Our systematic review and meta-analysis of randomized controlled trials (RCTs) examining whole-body vibration (WBV) effect on bone mineral density (BMD) found significant but small improvements in hip areal BMD (aBMD) in postmenopausal women and in tibia and spine volumetric BMD in children/adolescents, but not in other BMD measurements in postmenopausal women and young adults.

Introduction

Animal experiments report anabolic bone changes in response to WBV, but data in humans are limited. Our objective is to conduct a systematic review and meta-analysis of RCTs examining WBV effect on BMD.

Methods

Eligible RCTs included randomized or quasi-randomized trials, with follow-up of ≥6 months, examining WBV effects on BMD in ambulatory individuals without secondary causes of osteoporosis.
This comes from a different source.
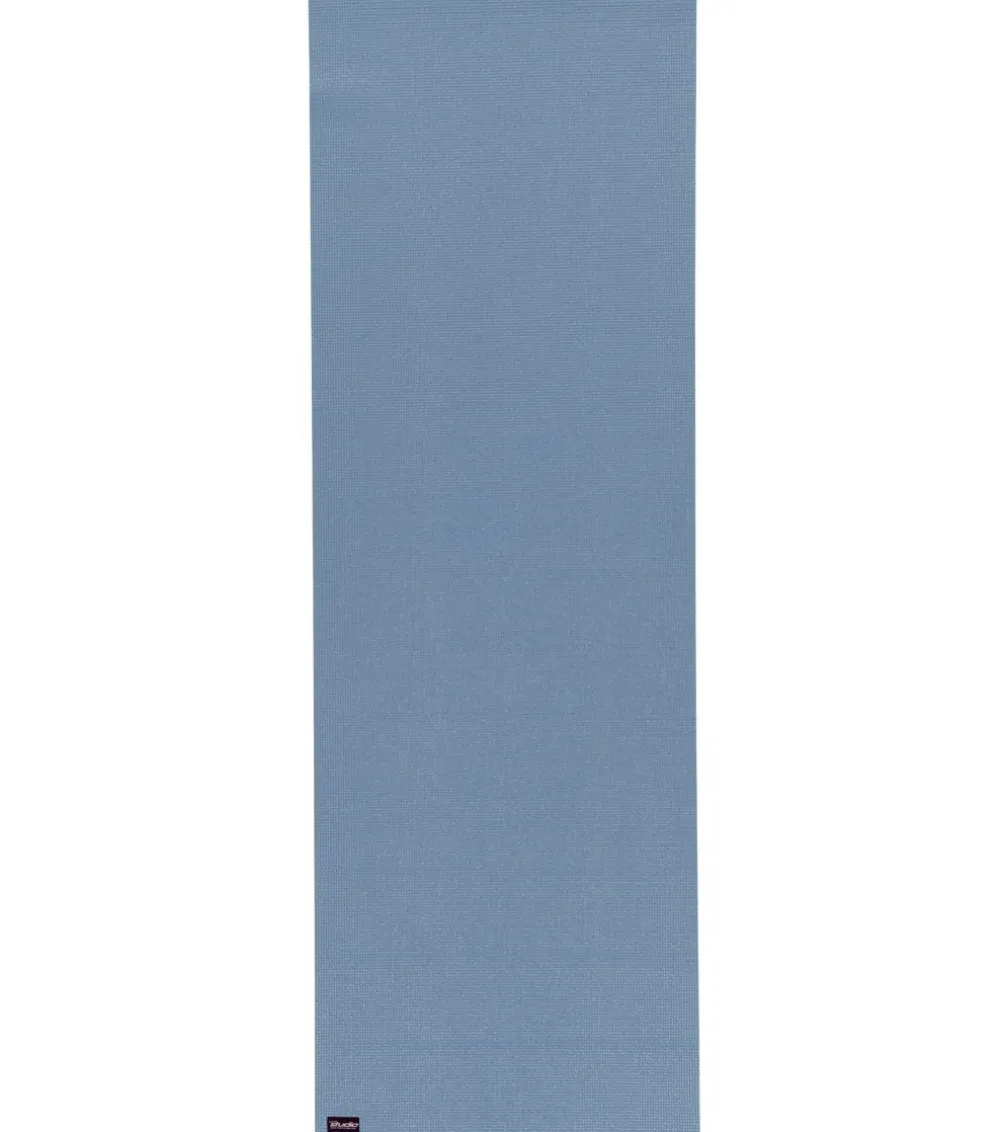 Everyday Yoga Mat 72 Inch 3mm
The weighted mean differences between WBV and control groups in absolute pre-post change in spine and hip aBMD, and in spine and tibia trabecular volumetric BMD (vBMD) were calculated.

Results

Eight RCTs in postmenopausal women (five RCTs), young adults (one RCT), and children and adolescents (two RCTs) were included. The regimens were heterogeneous, study durations were relatively short, and available data was mostly per-protocol. In postmenopausal women, WBV was found to significantly increase hip aBMD (0.015 g cm−2; 95% confidence interval (CI), 0.008–0.022; n = 131) versus controls, but not spine aBMD (n = 181) or tibia trabecular vBMD (n = 29). In young adults, WBV did not increase spine or hip bone mineral content, or tibia trabecular vBMD (n = 53). In children and adolescents, WBV significantly increased spine (6.2 mg cm−3; 95% CI, 2.5–10.0; n = 65) and tibia (14.2 mg cm−3; 95% CI, 5.2–23.2; n = 17) trabecular vBMD.

Conclusions

We found significant but small improvements in BMD in postmenopausal women and children and adolescents, but not in young adults. WBV is a promising new modality, but before recommendations can be made for clinical practice, large-scale long-term studies are needed to determine optimal magnitude, frequency, and duration.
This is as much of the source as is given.